Was da dem streitbaren Volk mitunter verborgen bleibt, ist gar nicht zu ermessen. So entstehen immer mehr Lücken im geistigen Kunstbetrieb und die Flut von übelriechender Kloake, mitunter mit brauner Soße vermischt, breitet sich aus über das politisch flach gebürstete Land.
Sind Unruhe stiftende
politische Bücher auch nicht allein der Stein der Weisen, so bilden
sie doch – Sandkorn für Sandkorn, und es werden immer mehr –
einen langsam ansteigenden Damm gegen Verdummung und Ablenkung von
wesentlichen gesellschaftlichen Fragen.
Trotzdem das Vergnügen:
Du schreibst was das Zeug hält, was dir auf der Seele brennt, was
dir nicht passt, was dich freut, was dich empört – und keiner
behindert dich. Keiner redigiert, keiner verwirft. Da stehst du nun
allein auf weiter Flur – im Netz fliegen sie herum, deine Gedanken,
setzen sich mal hier mal dort nieder. Das siehst du an den tausenden
Hits. Dann kommt eine zustimmende Meinung, dann auch mal ein
geistiger Hinterwäldler und schimpft dich einen alten Betonklotz,
einen Ewiggestrigen, ohne auch nur zu ahnen, dass es genau
andersherum ist...
So kann man unbehelligt
zahlreiche Buchtipps, die vor allem oft genug in der scharfen
Linkskurve liegen, ins Netz stellen. Da darfst´e schreiben oder
quasseln bis der Bildschirm qualmt, schimpfen, randalieren, die
Politik fertigmachen, demonstrieren. Alles
wird im pluralistischen System zugelassen, alles vermarktet, alles
ist verfügbar: Der größte parfümierte Leichen-Tuch-Quatsch, der
größte Unsinn, die größte Lüge.
Die
angepriesene Vielfalt soll für Demokratie stehen. Das ist
irritierend. Und bemäntelt gleichzeitig die wahren Absichten der
oberen Zehntausend nach Macht und Profit auf Kosten des Sozialen.

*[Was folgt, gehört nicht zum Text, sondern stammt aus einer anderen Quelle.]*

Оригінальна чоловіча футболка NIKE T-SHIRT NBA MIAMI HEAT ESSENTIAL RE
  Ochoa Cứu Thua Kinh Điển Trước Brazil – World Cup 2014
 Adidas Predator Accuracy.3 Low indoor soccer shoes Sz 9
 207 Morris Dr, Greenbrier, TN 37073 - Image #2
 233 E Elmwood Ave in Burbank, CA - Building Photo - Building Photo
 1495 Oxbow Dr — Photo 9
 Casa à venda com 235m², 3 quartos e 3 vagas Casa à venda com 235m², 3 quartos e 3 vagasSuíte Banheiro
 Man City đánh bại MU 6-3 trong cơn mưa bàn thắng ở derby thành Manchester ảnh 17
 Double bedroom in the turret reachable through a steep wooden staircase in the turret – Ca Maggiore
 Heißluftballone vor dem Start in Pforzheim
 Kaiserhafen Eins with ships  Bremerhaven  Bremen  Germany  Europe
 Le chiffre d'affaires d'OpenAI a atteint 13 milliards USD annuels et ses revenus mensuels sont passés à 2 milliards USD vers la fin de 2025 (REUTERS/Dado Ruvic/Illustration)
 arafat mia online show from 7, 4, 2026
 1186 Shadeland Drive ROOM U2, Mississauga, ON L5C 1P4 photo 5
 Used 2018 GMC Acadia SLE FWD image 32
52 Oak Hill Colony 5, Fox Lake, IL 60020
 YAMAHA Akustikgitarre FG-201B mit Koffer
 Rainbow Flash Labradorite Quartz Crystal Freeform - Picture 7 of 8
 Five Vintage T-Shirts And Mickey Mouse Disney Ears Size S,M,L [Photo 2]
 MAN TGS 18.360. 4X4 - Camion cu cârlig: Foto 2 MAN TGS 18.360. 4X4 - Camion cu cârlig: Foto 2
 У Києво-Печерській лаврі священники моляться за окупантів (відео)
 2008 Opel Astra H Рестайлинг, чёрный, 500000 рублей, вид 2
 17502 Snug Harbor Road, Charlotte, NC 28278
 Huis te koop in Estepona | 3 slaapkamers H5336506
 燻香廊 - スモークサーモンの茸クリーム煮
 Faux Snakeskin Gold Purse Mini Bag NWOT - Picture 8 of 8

Verzettelung, Vereinzelung, Reduzierung auf´s Detail, die
Entpolitisierung, die Negierung des Gesamtzusammenhangs – das ist
Ideologie der schlimmsten Art, das ist Methode. Warum? Weil das Ende
der Geschichte ausgerufen ist. Keine Veränderungen mehr. Genug.
Alles bleibt beim Alten. Diese
geduldete „Offenheit“ und „Meinungsfreiheit“ sind der
geistigen Kommerz-Treibjagd durch Politik und Medien geschuldet. Was
ist eine Hochwassergefahr, die gebändigt werden kann, gegen eine
mächtiger werdende geistige Kloaken-Flut?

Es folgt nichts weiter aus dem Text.